Three Similar Triangles
Four points with integer coordinates are selected:
$A(a, 0)$, $B(b, 0)$, $C(0, c)$ and $D(0, d)$, with $0 \lt a \lt b$ and $0 \lt c \lt d$.
Point $P$, also with integer coordinates, is chosen on the line $AC$ so that the three triangles $ABP$, $CDP$ and $BDP$ are all similarHave equal angles.
It is easy to prove that the three triangles can be similar, only if $a = c$.
So, given that $a = c$, we are looking for triplets $(a, b, d)$ such that at least one point $P$ (with integer coordinates) exists on $AC$, making the three triangles $ABP$, $CDP$ and $BDP$ all similar.
For example, if $(a, b, d)=(2,3,4)$, it can be easily verified that point $P(1,1)$ satisfies the above condition. Note that the triplets $(2,3,4)$ and $(2,4,3)$ are considered as distinct, although point $P(1,1)$ is common for both.

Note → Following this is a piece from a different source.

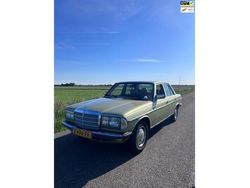Groen Gebruikt 1983 Mercedes 280 Sedan | € 19.999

If $b + d \lt 100$, there are $92$ distinct triplets $(a, b, d)$ such that point $P$ exists.
If $b + d \lt 100\,000$, there are $320471$ distinct triplets $(a, b, d)$ such that point $P$ exists.
If $b + d \lt 100\,000\,000$, how many distinct triplets $(a, b, d)$ are there such that point $P$ exists?